Lima’s connection to the prosecutor’s office was a boon. Defending him in the rent case was Mark Vollman, an assistant prosecutor who moonlights in private practice. Neither Lima nor Deters would say who paid Vollman. Vollman did not return phone calls. Lima moved on by forming OnLine Business Solutions in 2011, and the prosecutor’s office continued to throw consulting contracts his way without interruption. Lima has run his company through an apartment in Sycamore Township ever since.

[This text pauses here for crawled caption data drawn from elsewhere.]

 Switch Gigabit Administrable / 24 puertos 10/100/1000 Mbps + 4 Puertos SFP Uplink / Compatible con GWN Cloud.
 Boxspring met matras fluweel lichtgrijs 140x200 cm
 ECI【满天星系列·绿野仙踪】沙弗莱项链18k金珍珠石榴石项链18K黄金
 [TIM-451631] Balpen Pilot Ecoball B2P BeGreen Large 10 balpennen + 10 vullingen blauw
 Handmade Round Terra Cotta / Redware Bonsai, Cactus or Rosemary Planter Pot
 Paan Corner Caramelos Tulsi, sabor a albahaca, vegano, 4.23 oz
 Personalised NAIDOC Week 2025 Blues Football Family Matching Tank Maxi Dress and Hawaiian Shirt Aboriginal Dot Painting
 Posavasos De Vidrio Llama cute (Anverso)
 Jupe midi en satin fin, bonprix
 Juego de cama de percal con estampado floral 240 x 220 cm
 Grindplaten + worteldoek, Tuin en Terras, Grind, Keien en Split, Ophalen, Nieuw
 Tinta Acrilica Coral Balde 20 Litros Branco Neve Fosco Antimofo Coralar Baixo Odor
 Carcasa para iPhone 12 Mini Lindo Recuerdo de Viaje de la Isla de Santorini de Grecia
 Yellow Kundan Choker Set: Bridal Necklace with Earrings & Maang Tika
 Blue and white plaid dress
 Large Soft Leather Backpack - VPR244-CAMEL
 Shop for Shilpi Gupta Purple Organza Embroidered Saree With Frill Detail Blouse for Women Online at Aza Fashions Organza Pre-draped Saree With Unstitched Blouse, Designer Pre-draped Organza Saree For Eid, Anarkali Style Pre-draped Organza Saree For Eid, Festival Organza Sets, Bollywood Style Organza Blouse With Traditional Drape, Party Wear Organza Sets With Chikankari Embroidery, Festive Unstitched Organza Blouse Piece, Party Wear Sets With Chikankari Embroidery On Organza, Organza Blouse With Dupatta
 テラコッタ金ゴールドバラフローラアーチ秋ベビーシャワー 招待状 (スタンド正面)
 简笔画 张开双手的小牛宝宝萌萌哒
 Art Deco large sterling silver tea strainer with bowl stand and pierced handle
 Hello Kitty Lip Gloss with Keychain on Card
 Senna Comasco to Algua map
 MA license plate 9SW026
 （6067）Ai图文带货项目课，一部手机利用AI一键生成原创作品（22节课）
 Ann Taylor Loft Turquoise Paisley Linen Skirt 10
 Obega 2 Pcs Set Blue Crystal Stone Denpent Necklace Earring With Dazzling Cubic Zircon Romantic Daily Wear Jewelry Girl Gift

According to a rate table included in their contract agreements, OBS charges the prosecutor anywhere from $40 for “administrative services” to $200 an hour for “management consulting.” Nowhere, though, do the contracts state how many OBS employees are working on the account. Neither Lima nor Deters would provide an employee count.

Lima’s most recent contract with the prosecutor’s office runs through Dec. 31 and is capped at $95,000. White, the ethics professor, is disturbed by the public’s inability to determine if the prosecutor’s office is getting the best value for its money and whether or not Lima is doing a good job.

“In an ideal world, everyone that has the ability to spend taxpayer dollars would be trustworthy and wouldn’t use their position of authority to reward friends with lucrative contracts,” White says. “Cronyism is a global problem, and there’s no reason to think that it’s not a problem in Cincinnati. Let’s, at least, take the time to eliminate it from the budget.”